Epstein, the brand new general manager of the Red Sox, knows about the long-suffering fans of Fenway: ''I was one of them,'' he says. From childhood until he left for college, he and his family attended 15 home games a year. When asked whether he ever booed the Sox, Epstein pauses.
''I tend not to be a booer. I tend to sit quietly with my arms crossed in front of me. When we're not winning, I'm very unhappy. The staff is pretty unhappy. And the fans are exceptionally unhappy.''
But back to that billboard. Are the Red Sox really cursed by the ghost of Babe Ruth?
''I don't really believe in curses,'' Epstein says, flashing a broad grin. ''Look, I can't sit here and deny that the Red Sox have broken their fans' hearts for the better part of a century. But I think with the right approach, tremendous resources, great ownership, and hard work, we can put ourselves in the position to win the World Series. It's just a matter of time.''
Speaking of time, Theo Epstein has always been a young man in a hurry.
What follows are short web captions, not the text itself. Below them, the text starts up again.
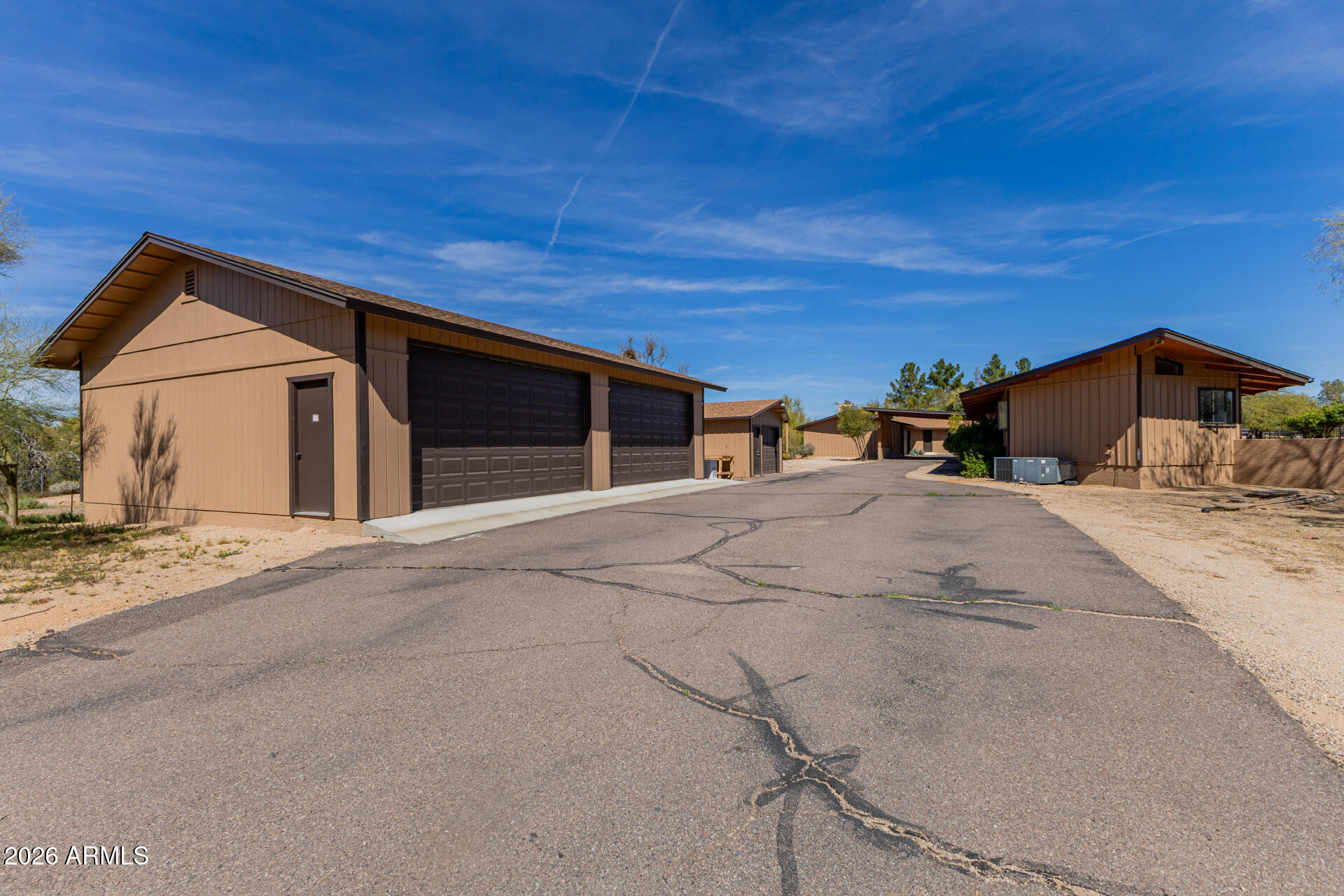 6140 East Peak View Road Cave Creek, AZ 85331 - Photo 44 of 52 a view of garage with a wooden fence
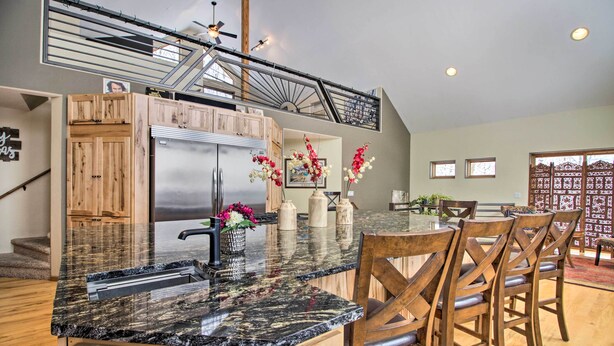 A kitchen with a granite countertop, wooden cabinets, a stainless steel refrigerator, and a dining area with wooden chairs. - Spacious & Secluded Home by Pokegama Lake! (Cohasset)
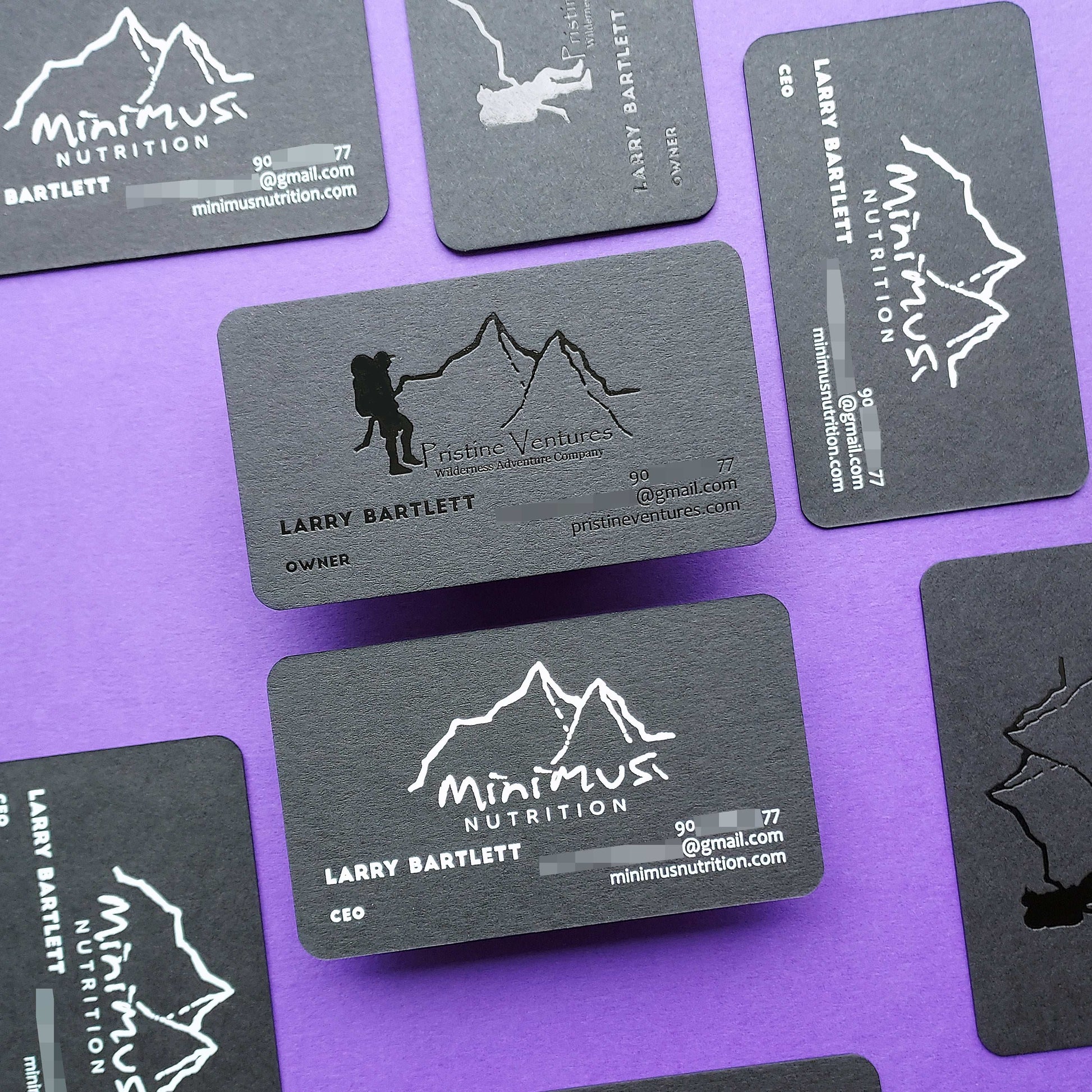 High-end black business card with embossed details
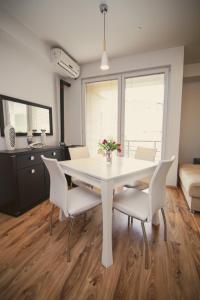 a dining room with a white table and chairs at Ohrid City Apartments in Ohrid +1 photo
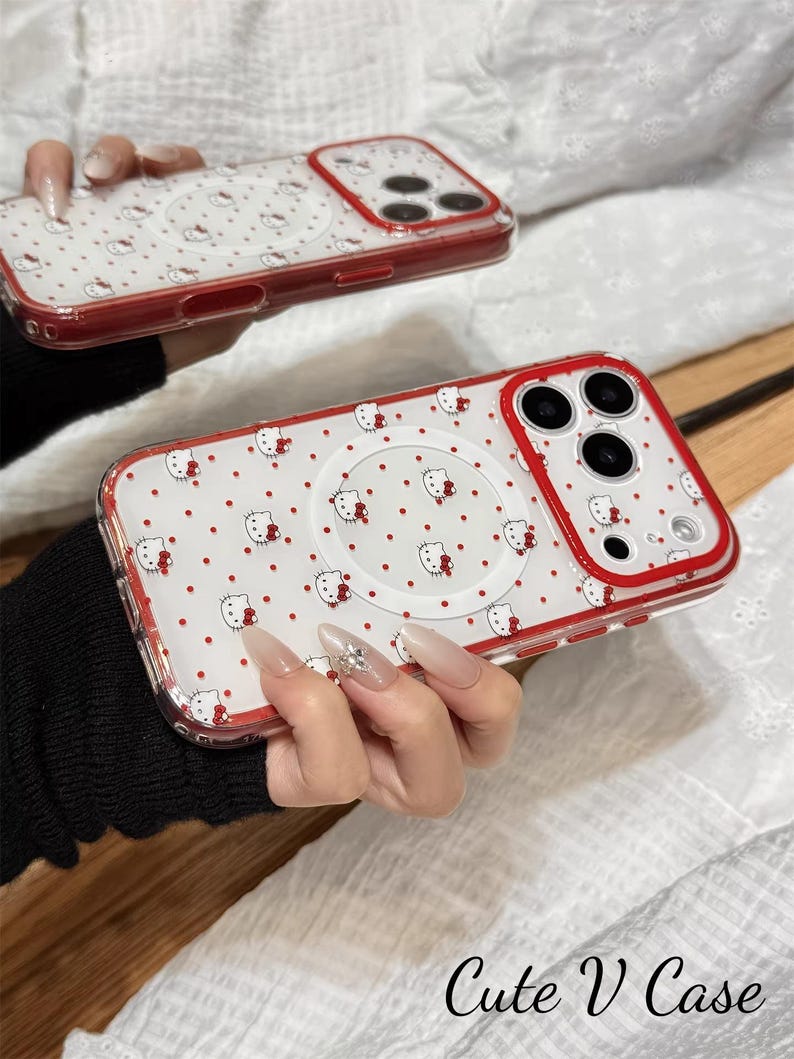 May include: Clear phone case with a red border, featuring a pattern of white Hello Kitty faces and red polka dots. The case has a circular design on the back and the text "Cute V Case".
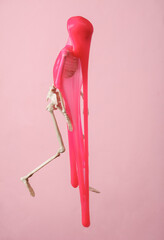 Skeleton with slime on pink background. Fresh idea. Minimalism halloween concept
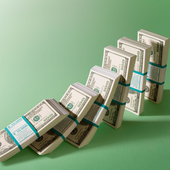 Bundles of dollars falling like dominoes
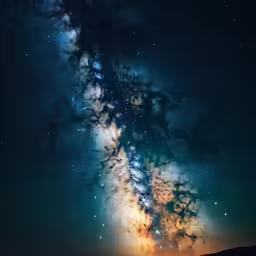 there is a light trail on a starr filled sky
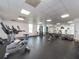Well-lit gym with exercise bikes, treadmills, weight machines and mirrored wall at 1590 Gulf Blvd # 501, Clearwater Beach, FL 33767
Some of his best baseball hits came when he was a toddler, he says, only half-joking. He ruined his pitching by learning to throw a curveball before his arm was ready. As a college intern for the Baltimore Orioles, he conceived and organized a huge commemoration for surviving Negro League players. He went to law school while working for the San Diego Padres. And now, at 28, he's the youngest GM in baseball history.
Family of achievers
Theo Epstein is now in the driver's - some might say suicide - seat of the Boston Red Sox. Clearly, brains and focus got him there fast. But he attributes much of his success to the home he grew up in.
Epstein has a twin brother and older sister, both doing well in their chosen fields. His father, Leslie, is an acclaimed novelist and director of the creative writing program at Boston University. And his mother, Ilene, is, as he puts it, part of ''a great Brookline institution.''
''The Studio,'' he says. It's the fashionable women's clothing store near Coolidge Corner that Ilene Epstein, her twin sister, Sandy, and best friend Marcie Brawer have run for nearly 25 years. It is also, he reveals, ''where I saw my first naked lady.'' (As boys, he and his brother, Paul, used to hang out there, waiting for their mother.)
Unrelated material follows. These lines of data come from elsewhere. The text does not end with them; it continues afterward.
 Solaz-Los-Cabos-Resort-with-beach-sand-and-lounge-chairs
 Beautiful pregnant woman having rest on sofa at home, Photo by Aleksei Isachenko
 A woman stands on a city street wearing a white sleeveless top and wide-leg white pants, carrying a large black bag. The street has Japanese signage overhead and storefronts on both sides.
There seems to be a creative strain running through the Epstein family. Leslie Epstein's father, Philip, and his father's identical twin, Julius, won the Academy Award for best screenplay for ''Casablanca.'' Theo's sister, Anya, 32, followed the family tradition: she wrote scripts for the NBC series ''Homicide: Life on the Street'' and is now writing screenplays. She is married to Dan Futterman, an actor. His twin, Paul, is a social worker and soccer coach at Brookline High School, where the boys graduated in 1991.
Growing up, the Epstein parents had high expectations. ''There were raised eyebrows over low B's or C's because they knew I could do better if I tried,'' says Theo. In college, he ''really kind of stopped working because I was into other things. I think my father saw I wasn't going to be one of those typical Yale students who spent hour after hour in the library trying to get an A instead of an A-minus.''
He finds it amusing when others talk about his high-achieving family. To him, it was a relaxed household, full of love.
''When I think of my family, I think of my dad locked in his office, writing about a sentence a day, with classical music on; my sister locked in her room with bad pop music on, talking to her friends on the phone; my mom hustling home from work to make an unbelievable dinner in 30 minutes; and my brother and I beating the heck out of each other in the hallway,'' he says. ''Those are my memories.''
But he is unabashedly proud of his family's accomplishments: his father's writing and teaching; his sister, ''so talented as a writer and producer and now as a great mother''; his brother's work with children (''What he does is so much more important than anything I'll ever do'').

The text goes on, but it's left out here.